Sunday, October 19, 2003

Moonv6 Project Pushes for IPv6 in North America

Moonv6, a collaborative project to build and demonstrate the U.S.'s largest-ever IPv6 network, completed initial interoperability testing last week at the University of New Hampshire InterOperability Laboratory (UNH-IOL). Organizers of the Moonv6 project believe that while adoption of IPv6 in Asia and Europe has been a forgone conclusion for several years now, a great deal of doubt has persisted in the North American market. The Moonv6 project aims to change this by launching the most aggressive IPv6 event in the North American market to date.


The primary IPv6 test event held last week involved approximately 80 servers, switches and routers configured in dual stack mode, with IPv4 and IPv6 running in tandem. The tests verified basic connectivity and interoperability of various routing, switching and tunneling applications in an IPv6 environment and demonstrated the performance of new IPv6 protocols including RIPng, OSFPv3, iBGP4+ and eBGP4+.

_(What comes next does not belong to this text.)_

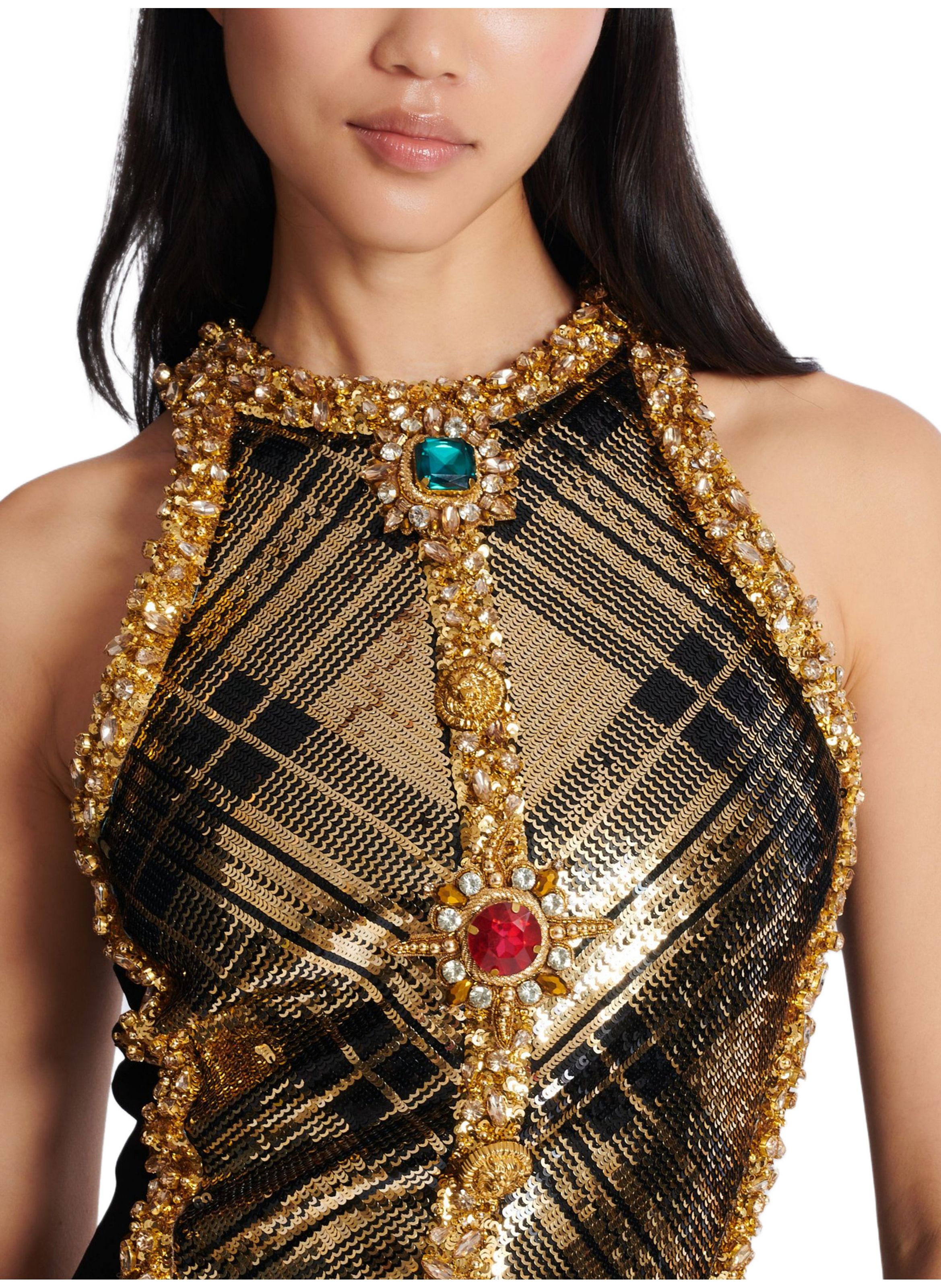 Robe courte sans manche brodée tartan BALMAIN Doré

The Moonv6 network will continue to serve as a proving ground for use by industry, universities, research labs, Internet providers, the DoD and other government agencies, assisting in wide-scale deployment of IPv6 throughout North America.


Companies participating in Moonv6 include the following.

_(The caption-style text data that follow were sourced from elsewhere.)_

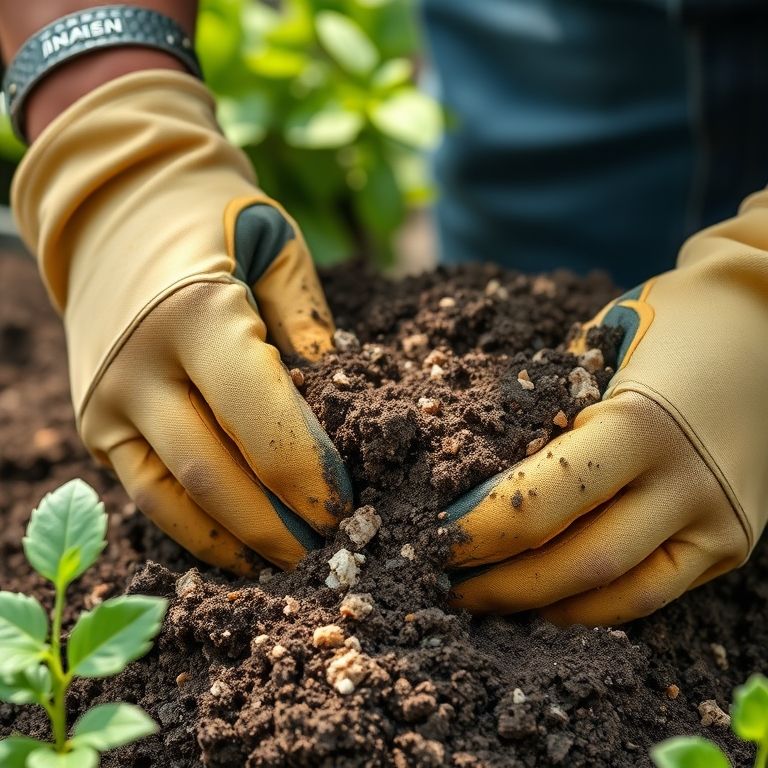 Mãos preparando substrato perfeito para horta em apartamento.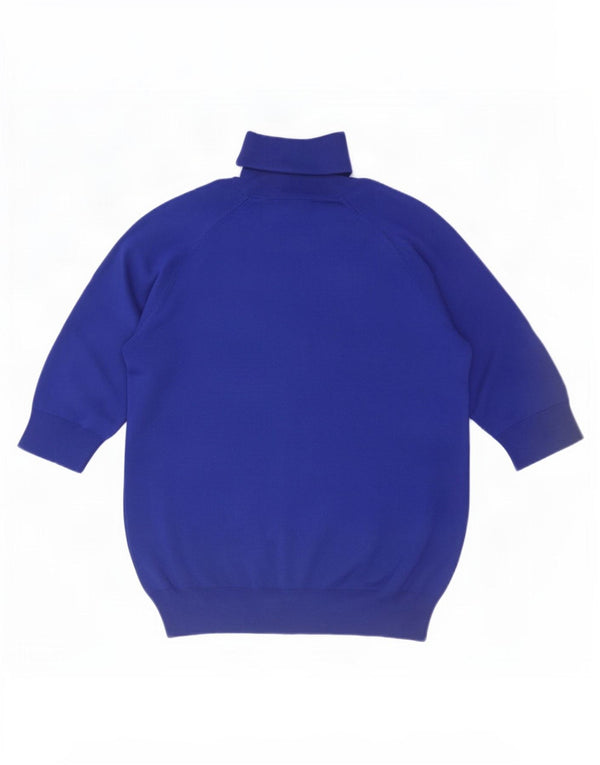 Zara Dame Kortærmet rullehals Jumper Sweater UK 12 Medium Blue Viscose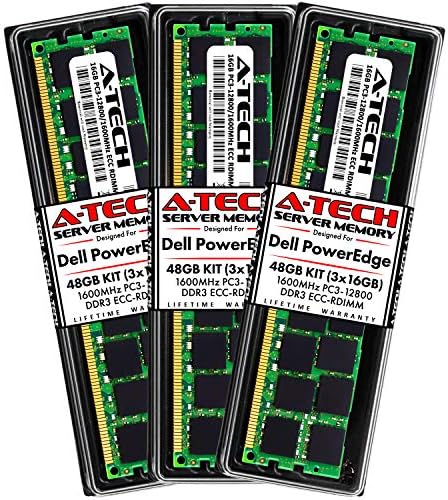 A-Tech 64GB (4x16GB RAM for Dell PowerEdge R320, R420, R420XR, R520, R620, R720, R720XD, R820, R920 | DDR3 1600MHz ECC-RDIMM PC3-12800 2Rx4 1.5V ECC Registered DIMM Server Memory Upgrade Kit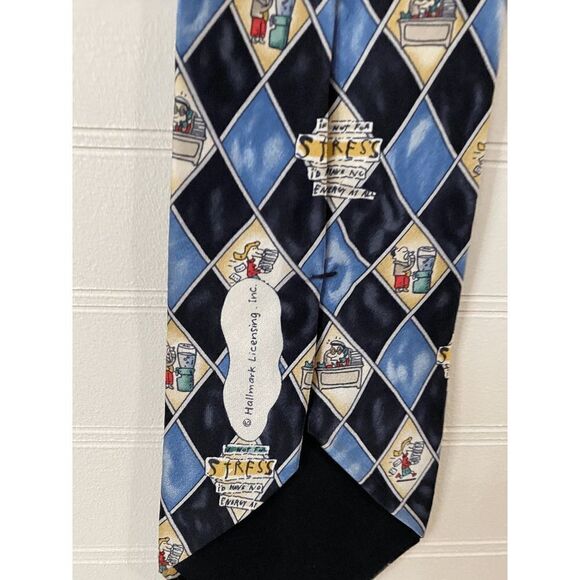 Shoebox Men’s Argyle Print Pure Silk Adjustable Neck Tie Blue & Black - Picture 5 of 6
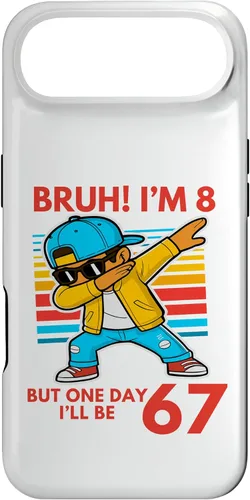 Vista 27 de Bruh I'm 8 But One-Day I'll Be 67 Retro 8th Birthday Kids Case for iPhone 17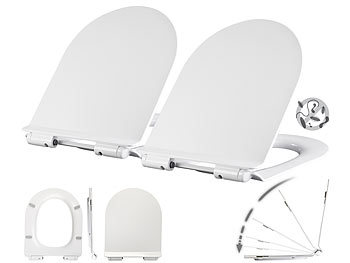 antibakterielle WC-Brille mit Absenkautomatik: BadeStern 2er-Set flache WC-Sitze, D-Form, mit Absenkautomatik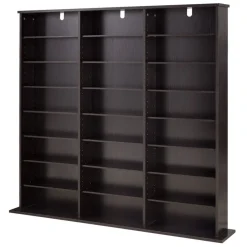 VEVOR Media Storage Cabinet, 8-Tier DVD Shelf Organizer, 55.91 x 8.66 x 51.18 in Multimedia Storage Organizer for CDs, DVDs, Books & Games, CD Shelf for Living Room, Home Office, Recording Room, Brown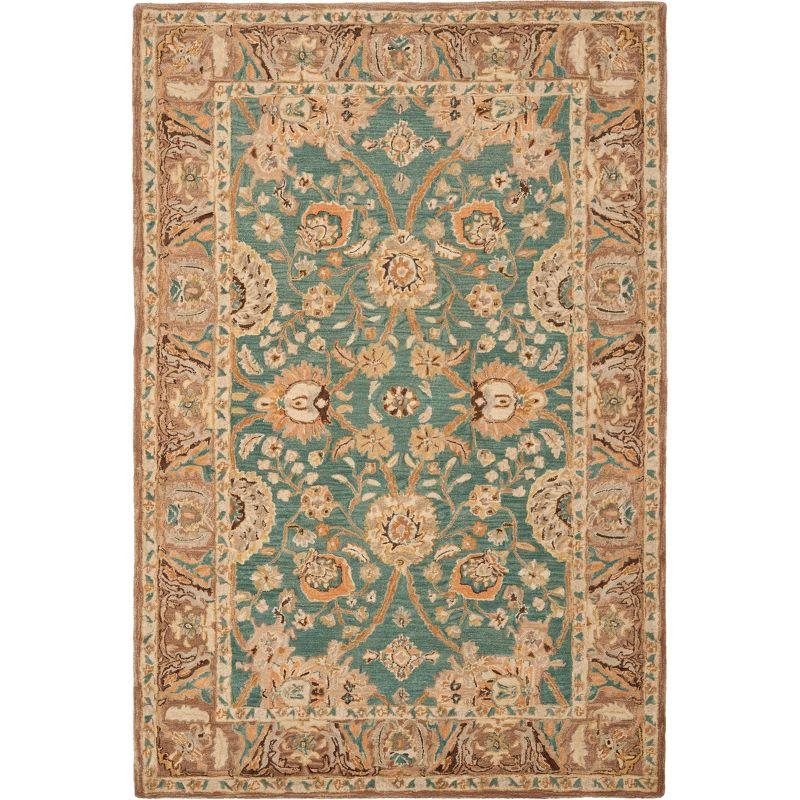 Handmade Teal and Camel Floral Wool Area Rug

Service providers / laboratories: Chunghwa Telecom; France Telecom; NTT R&D; Root Server Test Bed; Sprint; UNH-IOL; U.S. Department of Defense. AT&T will be participating in phase II of the event.


Test equipment vendors: Agilent Technologies; Ixia; Navtel Communications; Spirent Communications.


Networking equipment vendors: 6Wind; Checkpoint Communications; Cisco Systems; Elmic Systems; EMC; Extreme Networks; Foundry Networks; Fujitsu; Hewlett Packard; Hitachi; Hexago; IBM; IP Infusion; Juniper Networks; NEC; Nokia; Procket Networks; Microsoft; S-Net Systems; Sun Microsystems; Windriver.
http://www.iol.unh.eduhttp://www.spirentcom.com/ipv6

  • In June 2003, the U.S. Department of Defense adopted a new policy for the enterprise-wide deployment of IPv6. John Stenbit, the DoD's Chief Information Officer, stated that the achievement of net-centric operations and warfare, envisioned as a Global Information Grid of interconnected sensors and systems, depends on the effective implementation of IPv6. The DoD is planning for a complete transition from IPv4 to IPv6 by FY 2008.